“Omofobia, vituperio delle genti”: Dante, il sommo poeta, ha fatto da musa ispiratrice al manifesto per la campagna contro l’omofobia, presentato ieri alla cittadinanza nella sala dei Baleari del comune di Pisa dal sindaco Marco Filippeschi, in occasione della giornata dell’ orgoglio gay.

Nel giorno dell’orgoglio gay, che si celebra in tutto il mondo ogni 28 giugno, il primo cittadino ha indossato una fascia arcobaleno – simbolo proprio dell’orgoglio gay in tutto il mondo – al posto di quella tricolore e ha ricordato i moti di Stonewall, quando i clienti di un bar gay di New York si ribellarono all’ennesimo raid ingiustificato delle forze dell’ordine, e ha spiegato come “il diverso orientamento sessuale è un dono e non uno stigma”. Pisa pioniera nella battaglia contro l’omofobia, da sempre la sede ideale per la rivendicazione dei diritti lgbt: da città dove si svolse il primo Gay Pride italiano nel 1979 al primo Comune ad aver adottato nel 1999 il registro delle Unioni Civili, cui possono iscriversi anche persone gay e lesbiche. Senza dimenticare che la Toscana ha depenalizzato l’omosessualità fin dal lontano 1853, e dal 2004a introdotto una legge regionale contro le discriminazioni per l’orientamento sessuale e identità di genere. “In questa città – ha ricordato Filippeschi – abbiamo aperto strade che poi sono state di esempio per molti altri Comuni”.

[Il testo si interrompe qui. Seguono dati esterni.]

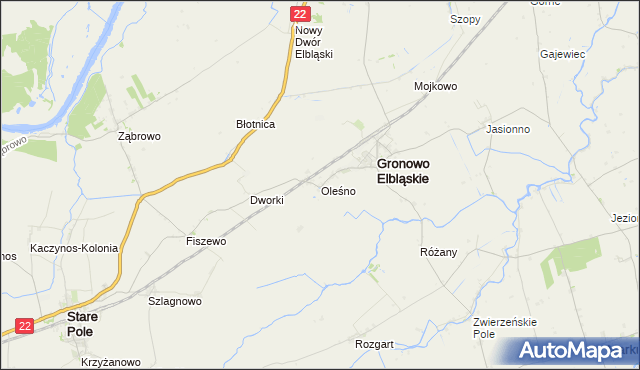 mapa Oleśno, Oleśno na mapie Targeo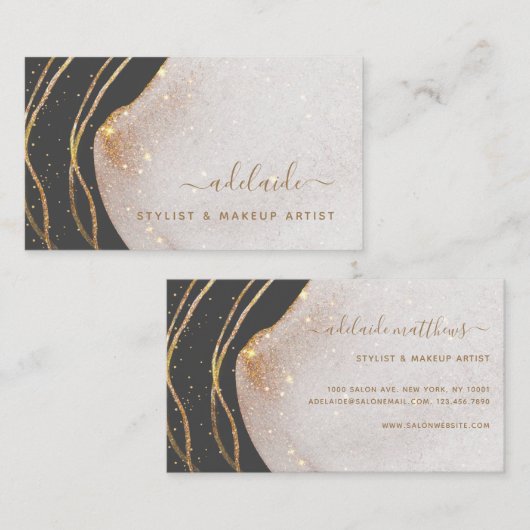 Elegant Grey Gold Glitter Signature Script Agate Visitekaartje (Voorkant / Achterkant)
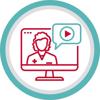 a logo of a video chat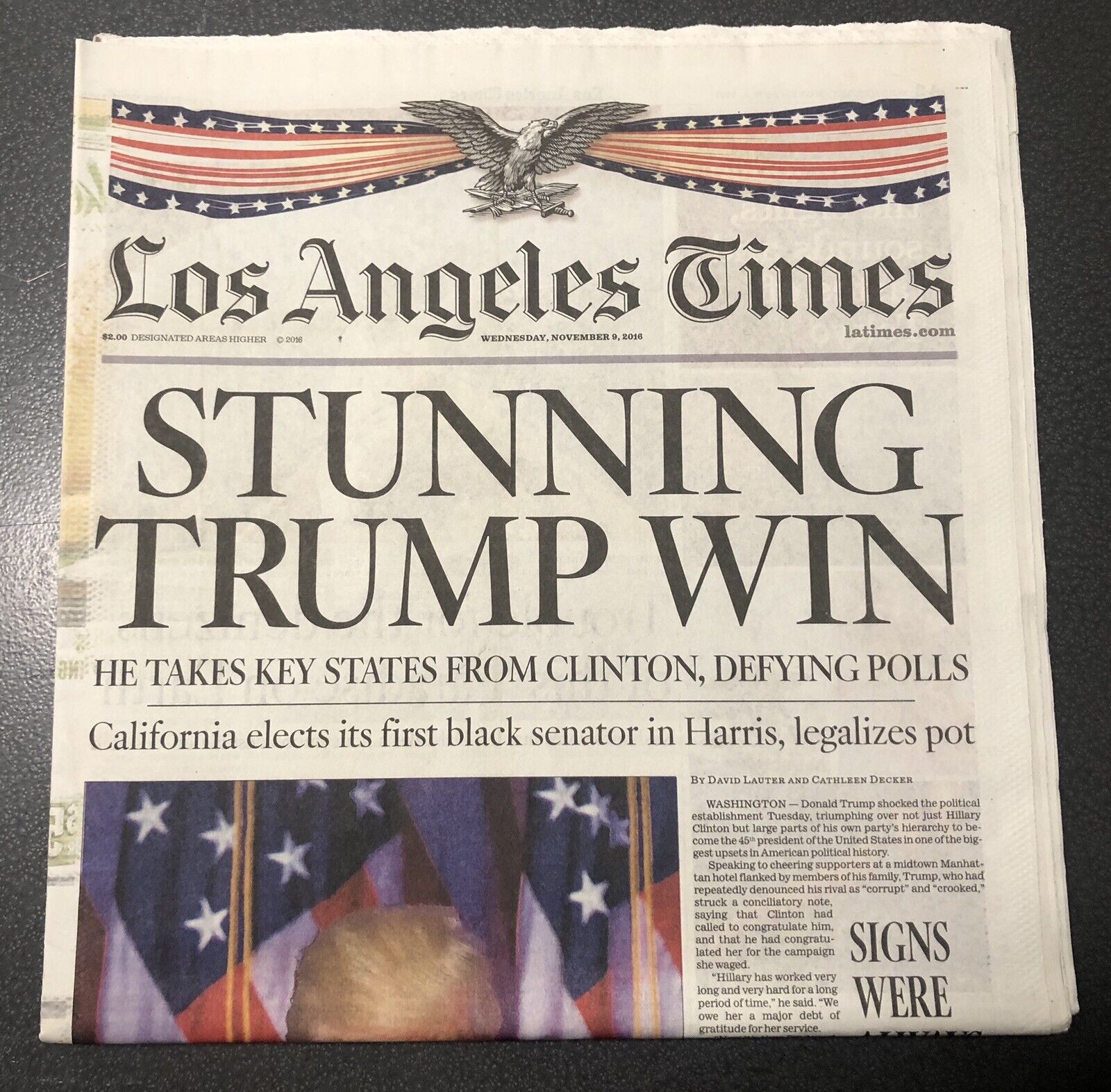 Donald Trump Wins 2016 Presidential Election LOS ANGELES TIMES 11/09/16 LA TIMES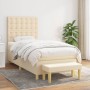 Cama box spring con colchón tela color crema 90x190 cm de , Camas y somieres - Ref: Foro24-3137442, Precio: 402,68 €, Descuen...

La presentazione della campagna contro l’omofobia è stata regalata al Comune di Pisa dal portale Gay.it, il cui direttore è Alessio De Giorgi, patron del Mamamia. Il principale quotidiano nazionale, rivolto al pubblico omosessuale, ha infatti sede nella città della torre. “Non è un caso, infatti, che sia proprio Pisa il primo Comune ad adottare una simile iniziativa – ha dichiarato Alessio De Giorgi -, qui c’è una tradizione consolidata in cui i diritti GLBT vengono tutelati con atti simbolici ma che poi si traducono in gesti concreti, silenziosi e meno mediatici”.
“Non c’è bisogno di spiegare di non essere “uguali”, c’è bisogno di avere uguali diritti – ha aggiunto Regina Satariano, leader del MIT e presidente del Consorzio Friendly Versilia.

Il Sindaco si è poi diretto al vicino Ponte di Mezzo issando, primo caso in Italia, la bandiera arcobaleno sul pennone della città tra una folla di gay e lesbiche, turisti e semplici curiosi. Tra i presenti anche Marilù Chiofalo, Assessora alle Pari Opportunità, Titina Maccioni, presidente del Consiglio Comunale, Christian Panicucci, ex compagno di Alessio De Giorgi e titolare di due locali sulla marina di Torre del Lago, Marco Michelucci, presidente di Arcigay Pisa, Cinzia Bucchioni, presidente di Arcilesbica Pisa, e Marco Buzzetti, presidente di Agedo, associazione genitori di omosessuali. Pisa più vicina all’Europa, da ieri – il commento di Paolo Patane’, presidente nazionale di Arci Gay -, i sindaci con la fascia arcobaleno sono la realizzazione che la rappresentanza istituzionale, al di là del credo politico, riguarda tutti i cittadini compresi omosessuali, lesbiche e transessuali e sono una risposta chiara e netta alla violenza omofoba, alla discriminazione e alla negazione pervicace del Parlamento di diritti alla comunità omosessuale italiana. Speriamo che altri Municipi realizzino iniziative come quella di Filippeschi. I sindaci con la fascia arcobaleno sono europei.